Where we left off: STUDY-001 is on S3. Four tables, version 1 each.
A statistician on your team has been asked to run an interim analysis. She needs the latest dm/ex/lb/ae snapshots, today, and she needs to be able to re-create the same snapshot three months from now when the safety review asks where the numbers came from.
This article is a role-switch article. You stop
being the engineer for a moment; you become the statistician on a
different laptop, in a different R session, with read-only credentials.
The capabilities introduced are not new functions – they’re a new way of
using datom_get_conn() and datom_read().
What the engineer sends
You (the engineer) message the statistician three pieces of information:
-
Governance repo URL –
https://github.com/acme/datom-governance.git. -
Data bucket / prefix / region –
study-001-datom,""(empty prefix),us-east-1. -
Project name –
STUDY_001.
Plus the credentials she’ll need to set up herself:
- A GitHub PAT with read access to
datom-governanceand the data repo. (Personal account, organization member; no special scope beyondreporead.) - An AWS profile with read access to the data bucket.
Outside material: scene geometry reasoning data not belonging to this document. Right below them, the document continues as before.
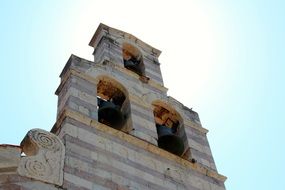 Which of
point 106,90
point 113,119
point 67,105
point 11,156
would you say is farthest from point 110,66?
point 11,156

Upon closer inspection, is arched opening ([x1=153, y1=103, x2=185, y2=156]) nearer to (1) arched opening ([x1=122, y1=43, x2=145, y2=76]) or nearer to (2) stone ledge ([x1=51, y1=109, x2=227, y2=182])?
(2) stone ledge ([x1=51, y1=109, x2=227, y2=182])

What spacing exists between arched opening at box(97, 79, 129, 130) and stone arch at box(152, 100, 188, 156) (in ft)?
2.76

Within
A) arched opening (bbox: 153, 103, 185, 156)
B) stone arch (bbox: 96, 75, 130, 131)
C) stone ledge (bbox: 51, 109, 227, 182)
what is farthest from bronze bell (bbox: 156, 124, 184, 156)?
stone ledge (bbox: 51, 109, 227, 182)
You do not send her any data files. The point of datom is that there’s nothing to send – she pulls bytes herself.
What the statistician does
The remainder of this article is from the statistician’s side.
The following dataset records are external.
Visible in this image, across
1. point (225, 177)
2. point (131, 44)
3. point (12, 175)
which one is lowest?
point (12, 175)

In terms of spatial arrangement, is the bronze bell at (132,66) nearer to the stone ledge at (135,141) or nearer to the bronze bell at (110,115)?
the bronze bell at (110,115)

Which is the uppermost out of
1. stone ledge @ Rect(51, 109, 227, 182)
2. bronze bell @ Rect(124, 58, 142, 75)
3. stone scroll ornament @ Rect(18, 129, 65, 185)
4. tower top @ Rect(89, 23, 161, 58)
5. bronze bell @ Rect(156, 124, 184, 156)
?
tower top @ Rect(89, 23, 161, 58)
Open a different R session (or a fresh
tempdir()) to follow along.
Set up credentials
# One-time per machine
keyring::key_set("GITHUB_PAT")
keyring::key_set("AWS_ACCESS_KEY_ID")
keyring::key_set("AWS_SECRET_ACCESS_KEY")Resume the prior state
The resume script for article 5 does the work of building a reader conn against the S3 store. Unlike resume scripts 2-4, this one needs network access (S3 + GitHub).
state <- source(
system.file("vignette-setup", "resume_article_5.R", package = "datom")
)$value
reader_conn <- state$conn
print(reader_conn)
#> -- datom connection
#> * Project: "STUDY_001"
#> * Role: "reader"
#> * Backend: "s3"
#> * Root: "study-001-datom"
#> * Prefix: ""The conn’s role is "reader". Reader
connections do not have a local data clone. The statistician never ran
datom_init_repo() and never wrote anything; she just
constructed a store and asked datom for a connection.
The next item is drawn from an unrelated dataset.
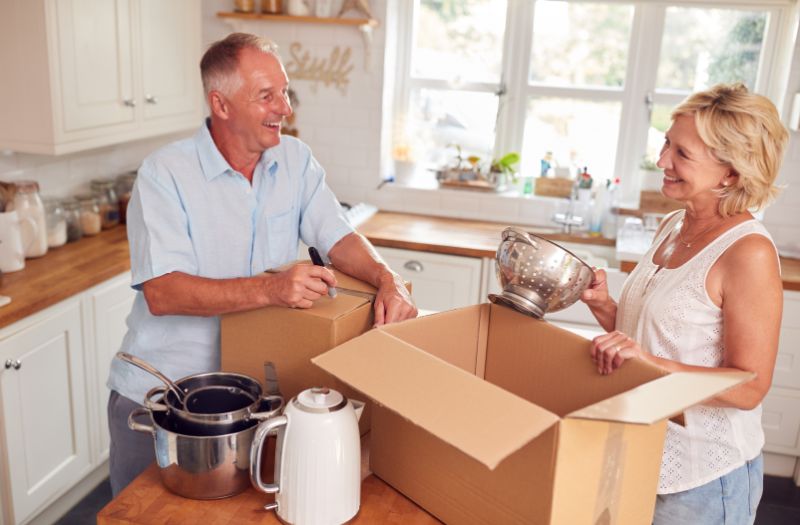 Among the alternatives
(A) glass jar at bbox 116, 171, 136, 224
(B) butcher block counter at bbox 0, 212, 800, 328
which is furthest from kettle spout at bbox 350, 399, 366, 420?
(A) glass jar at bbox 116, 171, 136, 224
Read the latest of each table
library(datom)
dm <- datom_read(reader_conn, "dm")
ex <- datom_read(reader_conn, "ex")
lb <- datom_read(reader_conn, "lb")
ae <- datom_read(reader_conn, "ae")
nrow(dm)
#> [1] 14Same data the engineer wrote. Same parquet bytes. No CSV transfer, no “version 3 with the patches we applied.” One source of truth.
Pin the analysis to a version
The interim analysis report needs a paragraph that says “data was
extracted from STUDY_001 at version X.” That version is the metadata SHA
from datom_history():
hist_dm <- datom_history(reader_conn, "dm")
hist_dm$version[1L]
#> [1] "8a3b21cc9f..."The statistician records 8a3b21cc9f... (and the
equivalent for ex/lb/ae) in her analysis script. Three months from now,
when the auditor asks “where did this number come from,” she runs:
dm_at_analysis <- datom_read(reader_conn, "dm", version = "8a3b21cc9f...")…and gets back the exact bytes the analysis used, even if STUDY_001 has moved on through versions 4, 5, 6.
Why this matters
Three things just happened that don’t happen with shared CSVs:
- No copy was made. The statistician’s analysis pulls directly from the canonical store. No “is your CSV the same as my CSV?” conversation ever happens.
- The version is identifiable. The same SHA references the same bytes on every machine, forever. This is the audit story regulators want.
- The handoff is one-way. The reader role has no write capability – the statistician cannot accidentally create a fork by saving a new version. The engineer remains the data steward.